基於去氧核醣核酸與組蛋白之修飾特徵識別轉錄因子之功能

Abstract

高通量定序(High-throughput sequencing)技術的應用已經超出去氧核醣核酸(DNA)和核醣核酸(RNA)的定序範疇，並漸漸地進入表觀遺傳學的世界裡。去氧核醣核酸甲基化、去氧核醣核酸自由區域和轉錄因子的結合點位都可以以目前分辨全基因組的分析技術中揭開序幕。去氧核醣核酸酶定序(DNase-seq)、染色質免疫沈澱定序(ChIP-seq)以及亞硫酸鹽定序(Bisulfite-seq)是現在常規用來研究探討表觀遺傳特徵的實驗，這些實驗方法更讓我們有機會整理出：去氧核醣核酸、蛋白質修飾之間的交互調控關係。這些表觀遺傳特徵及標誌都是在講述基因組編碼中如何建立調控模塊。去氧核醣核酸元素百科(Encyclopedia of DNA Elements, ENCODE)是一個國際合作計畫，從數以百計的染色質免疫沈澱定序資料中，策劃並解碼這些被稱作組蛋白代碼的標誌。然而這些轉錄因子如何與組蛋白代碼交互作用，與之間的功能作用機制仍有很多尚未被探索，至今仍然缺乏一種分析方法，來提取ENCODE資料庫或其他數據資料庫的全基因組實驗中有用訊息來了解表觀基因組。在本篇碩論當中，我們提出了系統性框架，提取有興趣的資料特徵和分群，發現轉錄因子及組蛋白標記之間的交互關係：成千上萬的組蛋白標記被量化並轉換成較低維度的資訊，以利提取每個標記類型中最為顯著的特性；轉錄因子會顯示出與某些類型的組蛋白標記優先做結合，接著與最接近的標記去推斷其功能及進行基因表達量分析。我們實際收集ChIP-seq定序資料並應用這個框架，找出三胸家族集團(Trithorax group)蛋白中一個意想不到的結果，這體現出我們提出此框架的效用和重要性。

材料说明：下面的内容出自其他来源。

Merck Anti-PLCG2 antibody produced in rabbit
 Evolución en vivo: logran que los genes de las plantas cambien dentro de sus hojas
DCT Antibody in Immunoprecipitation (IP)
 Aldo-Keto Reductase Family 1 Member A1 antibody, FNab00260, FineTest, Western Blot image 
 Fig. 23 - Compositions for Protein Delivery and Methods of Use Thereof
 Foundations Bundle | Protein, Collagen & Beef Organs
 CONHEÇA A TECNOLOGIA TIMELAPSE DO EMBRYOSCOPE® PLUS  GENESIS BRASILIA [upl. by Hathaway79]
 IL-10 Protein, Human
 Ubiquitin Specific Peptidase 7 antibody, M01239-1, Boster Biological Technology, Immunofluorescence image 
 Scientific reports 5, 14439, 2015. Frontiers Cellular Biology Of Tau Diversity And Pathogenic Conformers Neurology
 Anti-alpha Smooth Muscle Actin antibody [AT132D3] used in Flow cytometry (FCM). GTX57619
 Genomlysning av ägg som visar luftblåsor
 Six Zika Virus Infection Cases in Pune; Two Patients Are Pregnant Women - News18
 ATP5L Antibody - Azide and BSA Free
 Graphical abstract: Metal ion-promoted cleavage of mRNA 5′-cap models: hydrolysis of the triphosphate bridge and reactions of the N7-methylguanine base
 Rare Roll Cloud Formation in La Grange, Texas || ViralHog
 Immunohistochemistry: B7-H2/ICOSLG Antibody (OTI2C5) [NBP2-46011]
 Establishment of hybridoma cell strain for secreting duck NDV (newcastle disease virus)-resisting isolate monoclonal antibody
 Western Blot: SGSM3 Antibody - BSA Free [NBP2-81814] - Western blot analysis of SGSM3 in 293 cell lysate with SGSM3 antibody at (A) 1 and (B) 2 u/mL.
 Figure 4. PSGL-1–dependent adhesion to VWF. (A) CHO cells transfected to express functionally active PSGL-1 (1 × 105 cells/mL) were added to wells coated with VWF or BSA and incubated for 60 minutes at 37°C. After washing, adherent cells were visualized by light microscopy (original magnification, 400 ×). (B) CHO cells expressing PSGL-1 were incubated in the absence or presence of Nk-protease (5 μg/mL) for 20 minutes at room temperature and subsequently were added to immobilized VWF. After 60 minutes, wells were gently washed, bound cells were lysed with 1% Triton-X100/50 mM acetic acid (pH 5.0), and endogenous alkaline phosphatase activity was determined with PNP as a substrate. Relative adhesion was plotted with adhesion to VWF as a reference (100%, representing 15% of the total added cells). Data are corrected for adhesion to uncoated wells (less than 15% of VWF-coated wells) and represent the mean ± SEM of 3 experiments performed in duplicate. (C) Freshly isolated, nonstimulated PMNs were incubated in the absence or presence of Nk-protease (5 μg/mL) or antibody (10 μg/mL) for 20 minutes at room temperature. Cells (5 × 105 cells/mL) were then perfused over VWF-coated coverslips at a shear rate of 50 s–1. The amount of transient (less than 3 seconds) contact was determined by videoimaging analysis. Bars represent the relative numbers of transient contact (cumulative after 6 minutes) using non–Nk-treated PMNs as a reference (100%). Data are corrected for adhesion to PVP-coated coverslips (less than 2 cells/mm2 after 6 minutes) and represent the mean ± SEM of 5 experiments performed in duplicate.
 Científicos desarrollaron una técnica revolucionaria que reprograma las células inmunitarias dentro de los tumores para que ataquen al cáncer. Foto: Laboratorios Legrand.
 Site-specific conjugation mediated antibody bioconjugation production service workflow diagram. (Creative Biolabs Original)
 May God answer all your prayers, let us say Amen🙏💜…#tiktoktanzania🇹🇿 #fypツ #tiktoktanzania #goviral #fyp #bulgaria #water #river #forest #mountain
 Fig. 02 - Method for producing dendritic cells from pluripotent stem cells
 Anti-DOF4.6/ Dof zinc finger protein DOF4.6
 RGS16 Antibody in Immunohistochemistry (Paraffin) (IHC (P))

The application of high-throughput sequencing has gone beyond DNA and RNA sequencing and march into epigenetics. DNA methylation, DNA-free region, and transcription factor (TF) binding sites are now unveiled in genome-wide scale and in base resolution. DNase-seq, ChIP-seq, and BS-seq, which endow us an unprecedented opportunity to tease out the regulatory interplay between DNA, protein, and modification, are now regular experiments to make these epigenetic traits accessible. These epigenetic traits or marks are indicative signs to the building block of regulatory modules encoded inside genome. ENCODE (Encyclopedia of DNA Elements) project is an ambitious ongoing international cooperation to curate and decipher these signs, which is also known as histone code, from hundreds of TF/histone modification ChIP-seq data. However, how does those TFs interact with histone codes to reflex it's functional role is still left largely unexplored. An analytical approach to extract useful information from ENCODE's data warehouse or other genomes wide experimental collections to facilitate the understanding of epigenome is still missing. In this work, we have proposed a feature extraction and clustering framework to automate the discovery of putative interactions between TF and histone marks. Tens of thousands of histone marks are quantified and transformed into a lower dimensional space for extracting the most significant characteristics of each type of marks. TFs that show preferential bindings on certain types of histone marks are clustered and analyzed along with the expression levels of genes that are closest to the marks to further deduce their functions. We further applied this framework to real ENCODE datasets and the results suggest an unexpected role of a well-known Trithorax Group (TrxG) protein, which exemplifies the usefulness and importance of our proposed framework.